Hassan I. Ahmed - Alembic Global Advisors LLC
Analyst
Okay, fair enough. Now, again, referencing the mineral segment, I mean you talked about some curtailments that you guys are doing as well as the broader industry is doing as well. Now, again, if I look back at Q1, your mineral segment generated near 30% EBITDA margins. You know, I mean pretty high, keeping in mind you know the sort of macro picture and the like. I mean, I would imagine relative to Q1, you wouldn't have seen too much deterioration in mineral segment EBITDA margin, so I'm just trying to reconcile that, yes, while I completely understand inventories are bloated, pricing is under pressure and the like, but EBITDA margins continue to look good, so why is it that these curtailments are happening on the mineral side of things?

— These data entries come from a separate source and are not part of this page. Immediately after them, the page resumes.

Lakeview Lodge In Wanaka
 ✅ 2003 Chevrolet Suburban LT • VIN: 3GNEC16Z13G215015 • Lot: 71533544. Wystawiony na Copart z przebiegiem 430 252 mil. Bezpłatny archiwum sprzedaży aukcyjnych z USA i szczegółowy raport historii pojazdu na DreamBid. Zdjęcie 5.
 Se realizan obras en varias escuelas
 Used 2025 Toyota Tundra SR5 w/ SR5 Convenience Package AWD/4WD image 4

Thomas J. Casey - Chairman & Chief Executive Officer: Well, as you recall Hassan, we suspended sales at the prices that were in the market in the second half of 2014 and we did that both because we found the price level unacceptable but also that we knew that we would be taking down smelters for scheduled maintenance in 2015 and so we wanted to build inventory, we wanted to build inventory in order to carry us through that period when we brought those smelters down. Now, what we decided to do, because when we decided to reduce the production of pigment at Hamilton and Kwinana that obviously reduced our demand for feedstock, because we are producing less pigment therefore we need less feedstock. And so rather than build up the inventories more than we had built them in order to supply our pigment operation this year, we decided to slow down that slag smelter, in part – not so much because we thought that that market had turned terribly poorly but rather in response to our decision to slow down pigment. So we have slag inventory that we built up in the second half of 2014, we expected that that would be sufficient to carry us through all of our maintenance in 2015. We've now slowed the pigment operation down somewhat and that will then mean we have less demand which means we work through the slag inventories more slowly, and so why add to that slag inventory. That's our theory. We can reduce our costs, conserve our cash, support our pigment operation at the rate we expect it to grow. And the key thing about the suspension of production in pigment is that we can turn it back up literally in a matter of days, and so we will always maintain a sufficient slag inventory balance to be able to do that, and allow us almost complete flexibility for when we come back into the market. This is partially an example of our commitment to be disciplined on working capital. Again, we're looking to extract cash and to reduce our – the cash that's invested in working capital and this is another manifestation of that.